Start of INFORMATION

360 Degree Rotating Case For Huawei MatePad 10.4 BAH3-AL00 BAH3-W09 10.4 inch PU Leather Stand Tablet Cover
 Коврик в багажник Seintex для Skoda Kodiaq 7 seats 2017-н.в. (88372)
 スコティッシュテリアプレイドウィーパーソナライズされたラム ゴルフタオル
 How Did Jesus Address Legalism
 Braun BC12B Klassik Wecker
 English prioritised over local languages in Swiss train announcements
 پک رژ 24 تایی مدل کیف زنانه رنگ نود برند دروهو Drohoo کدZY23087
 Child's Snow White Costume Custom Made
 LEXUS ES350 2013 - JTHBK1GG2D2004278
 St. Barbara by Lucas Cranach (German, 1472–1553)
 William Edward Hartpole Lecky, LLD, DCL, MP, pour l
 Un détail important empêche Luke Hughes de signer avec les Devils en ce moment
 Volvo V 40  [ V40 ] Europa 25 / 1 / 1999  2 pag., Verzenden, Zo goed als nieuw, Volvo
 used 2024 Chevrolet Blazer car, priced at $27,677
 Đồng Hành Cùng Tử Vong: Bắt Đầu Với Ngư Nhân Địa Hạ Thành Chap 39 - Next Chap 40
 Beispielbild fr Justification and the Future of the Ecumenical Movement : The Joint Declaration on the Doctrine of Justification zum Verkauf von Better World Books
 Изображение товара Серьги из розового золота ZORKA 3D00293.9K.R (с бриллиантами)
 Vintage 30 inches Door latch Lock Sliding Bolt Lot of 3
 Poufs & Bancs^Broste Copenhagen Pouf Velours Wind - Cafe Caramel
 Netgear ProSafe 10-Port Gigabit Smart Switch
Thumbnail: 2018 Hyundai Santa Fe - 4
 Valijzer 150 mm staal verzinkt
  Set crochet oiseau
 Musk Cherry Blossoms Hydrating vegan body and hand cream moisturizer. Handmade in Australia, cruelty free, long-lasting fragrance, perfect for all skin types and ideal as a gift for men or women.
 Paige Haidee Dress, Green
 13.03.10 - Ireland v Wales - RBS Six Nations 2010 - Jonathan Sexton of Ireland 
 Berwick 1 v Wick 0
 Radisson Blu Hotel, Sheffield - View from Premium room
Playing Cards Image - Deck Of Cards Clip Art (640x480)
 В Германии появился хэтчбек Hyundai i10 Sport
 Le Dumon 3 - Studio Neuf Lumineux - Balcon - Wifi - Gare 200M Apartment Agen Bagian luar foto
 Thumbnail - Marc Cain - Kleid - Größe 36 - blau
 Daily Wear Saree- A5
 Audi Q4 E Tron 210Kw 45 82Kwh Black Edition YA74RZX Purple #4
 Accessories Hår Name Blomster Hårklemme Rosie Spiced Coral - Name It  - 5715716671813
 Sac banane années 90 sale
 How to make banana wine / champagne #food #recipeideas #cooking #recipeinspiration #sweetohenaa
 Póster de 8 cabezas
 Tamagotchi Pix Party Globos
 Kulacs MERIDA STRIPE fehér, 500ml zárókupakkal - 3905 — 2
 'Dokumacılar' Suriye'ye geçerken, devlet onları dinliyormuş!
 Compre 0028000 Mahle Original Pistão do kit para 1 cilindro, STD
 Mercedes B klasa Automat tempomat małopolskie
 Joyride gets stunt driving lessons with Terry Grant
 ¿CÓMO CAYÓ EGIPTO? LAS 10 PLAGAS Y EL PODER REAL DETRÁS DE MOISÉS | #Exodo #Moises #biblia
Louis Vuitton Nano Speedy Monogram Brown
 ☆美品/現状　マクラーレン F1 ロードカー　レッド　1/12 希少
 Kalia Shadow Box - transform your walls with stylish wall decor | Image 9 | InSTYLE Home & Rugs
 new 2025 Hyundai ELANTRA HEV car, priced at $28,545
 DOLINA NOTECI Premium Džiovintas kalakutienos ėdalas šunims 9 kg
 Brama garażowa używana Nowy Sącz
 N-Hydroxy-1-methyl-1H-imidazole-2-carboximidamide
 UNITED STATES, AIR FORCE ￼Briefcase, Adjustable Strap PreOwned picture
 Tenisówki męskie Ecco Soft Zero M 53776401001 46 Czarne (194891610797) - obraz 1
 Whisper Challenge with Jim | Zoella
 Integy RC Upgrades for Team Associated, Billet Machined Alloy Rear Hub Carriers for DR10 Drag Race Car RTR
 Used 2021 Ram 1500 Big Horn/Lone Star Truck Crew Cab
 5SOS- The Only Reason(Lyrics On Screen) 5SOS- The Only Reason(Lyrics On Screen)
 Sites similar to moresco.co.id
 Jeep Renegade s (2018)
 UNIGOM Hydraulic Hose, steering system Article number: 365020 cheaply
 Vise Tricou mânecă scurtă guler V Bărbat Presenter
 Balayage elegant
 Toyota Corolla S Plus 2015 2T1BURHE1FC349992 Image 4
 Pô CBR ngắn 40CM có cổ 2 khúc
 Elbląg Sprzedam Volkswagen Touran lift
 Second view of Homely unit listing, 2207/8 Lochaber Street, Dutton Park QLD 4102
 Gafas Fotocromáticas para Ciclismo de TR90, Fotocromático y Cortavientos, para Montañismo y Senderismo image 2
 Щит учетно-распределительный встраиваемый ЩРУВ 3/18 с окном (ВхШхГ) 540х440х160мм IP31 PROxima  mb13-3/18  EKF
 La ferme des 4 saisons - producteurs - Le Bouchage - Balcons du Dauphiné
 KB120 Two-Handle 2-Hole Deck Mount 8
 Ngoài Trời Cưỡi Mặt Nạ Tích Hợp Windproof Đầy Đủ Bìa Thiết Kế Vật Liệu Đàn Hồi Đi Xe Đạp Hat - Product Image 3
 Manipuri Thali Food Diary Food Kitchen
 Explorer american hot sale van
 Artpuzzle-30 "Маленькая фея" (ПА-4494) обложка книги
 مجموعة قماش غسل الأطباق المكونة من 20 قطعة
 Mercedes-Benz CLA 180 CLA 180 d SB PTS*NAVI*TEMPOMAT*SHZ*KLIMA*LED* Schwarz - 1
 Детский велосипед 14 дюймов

End of INFORMATION

- _WHAT THE TASK REQUIRES_:
From the records above, extract exactly and only the lines that begin at the line with "#Exodo #Moises #biblia" and stop after the line with "DOLINA NOTECI Premium".

- _YOUR RESPONSE_:
 ¿CÓMO CAYÓ EGIPTO? LAS 10 PLAGAS Y EL PODER REAL DETRÁS DE MOISÉS | #Exodo #Moises #biblia
Louis Vuitton Nano Speedy Monogram Brown
 ☆美品/現状　マクラーレン F1 ロードカー　レッド　1/12 希少
 Kalia Shadow Box - transform your walls with stylish wall decor | Image 9 | InSTYLE Home & Rugs
 new 2025 Hyundai ELANTRA HEV car, priced at $28,545
 DOLINA NOTECI Premium Džiovintas kalakutienos ėdalas šunims 9 kg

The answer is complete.